Dizem
que foram os norte-americanos que venceram Adolf Hitler. Dizem, também,
que Winston Churchill salvou o mundo. Dizem que o Dia D foi o ponto de
viragem. Dizem tantas coisas — e repetem tanto —, que acabamos quase por
acreditar. Mas a Segunda Guerra Mundial não foi decidida na praia da
Normandia, como contam a historiografia, o cinema e o jornalismo do
Ocidente. Essa guerra foi decidida nos campos da Batalha de
Estalinegrado, com muito sangue derramado, de cidadãos e cidadãs da
então União das Repúblicas Socialistas Soviéticas (URSS). Assim foi o
Dia da Vitória.
O
final dessa guerra, que começou em 1939, quando Hitler invadiu a
Polónia, tem sido mostrada, anos após anos, década após décadas, como
sendo mais um dos atos heroicos dos Estados Unidos da América (EUA), os
“salvadores do mundo”. Ocorre, no entanto, que os norte-americanos só
entraram no conflito depois do ataque a Pearl Harbor, em dezembro de
1941 — e mesmo assim, a sua ação na Europa foi “cautelosa”. O então
primeiro-ministro da Grã-Bretanha, Winston Churchill, assim como o
ocupante da Casa Branca daquele momento, Franklin Roosevelt, adiaram,
durante anos, o tão prometido “Segundo Front”

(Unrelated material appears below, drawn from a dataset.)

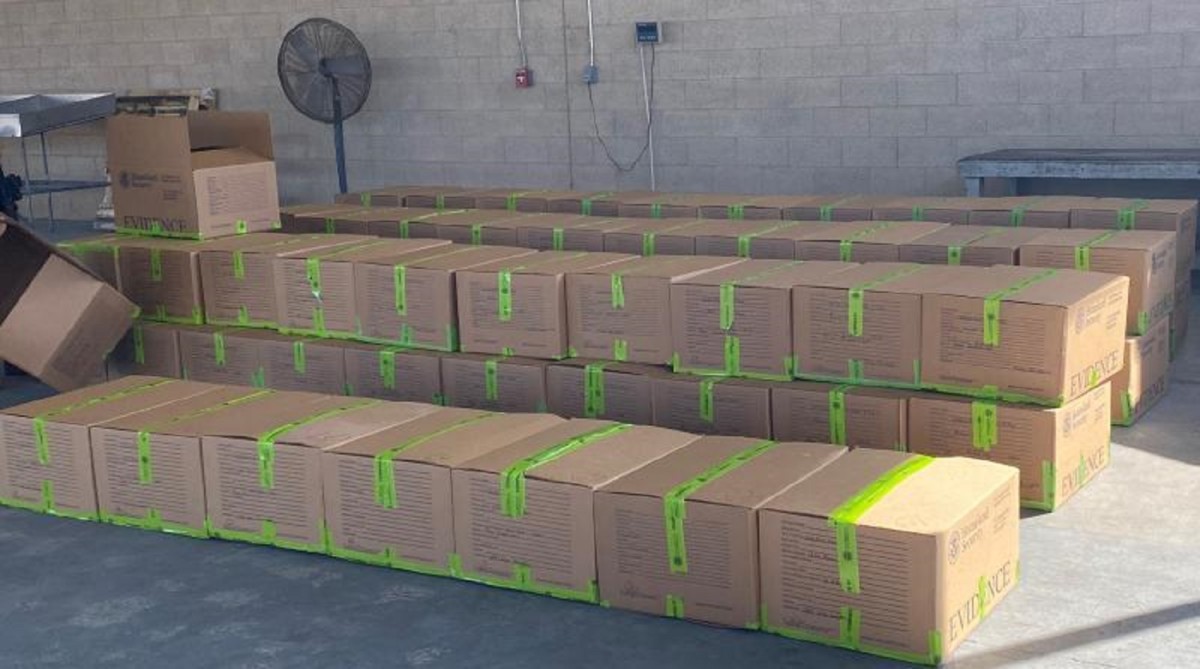 Boxes containing 1,349 pounds of methamphetamine at the Pharr International Bridge.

na Europa. Enquanto isso, Josef Estaline clamava por ajuda, e os seus
soldados caíam aos milhares tentando conter o exército nazi.
A
URSS resistiu, sozinha, durante quase três anos antes que os “Aliados
ocidentais” decidissem entrar no conflito. Portanto, foi nas trincheiras
congeladas do Front Oriental
que o Exército Vermelho — composto por operários, camponeses e mães com
fuzis nos ombros — aniquilou cerca de 80% das forças alemãs. O nazismo
morreu ali, entre destroços, e também cadáveres soviéticos. O resto foi
conto, foi filme, foi fotografia, foi reportagem, com “recorte”
ocidental.
A
historiografia hegemónica — capitalista, ocidental e, sobretudo, de
memória seletiva — insiste na narrativa que diz, com todas as letras,
que a tal “libertação da Europa” pelas tropas anglo-norte-americanas
começou apenas em 1944, com o desembarque na Normandia. Ou seja, depois
de o Exército Vermelho já ter retomado várias cidades importantes — tais
como Kiev (capital ucraniana) e Minsk (capital bielorrussa), esmagando a
resistência alemã na Batalha de Kursk — e já marchava rumo ao centro do
poder nazi — a cidade de Berlim. Naquele momento, a Alemanha já estava
em colapso. E os Aliados (capitaneados pelos Estados Unidos e pela
Grã-Bretanha) entraram tardiamente, quando o inimigo já estava
derrotado, quando a vitória já tinha sido escrita com sangue soviético.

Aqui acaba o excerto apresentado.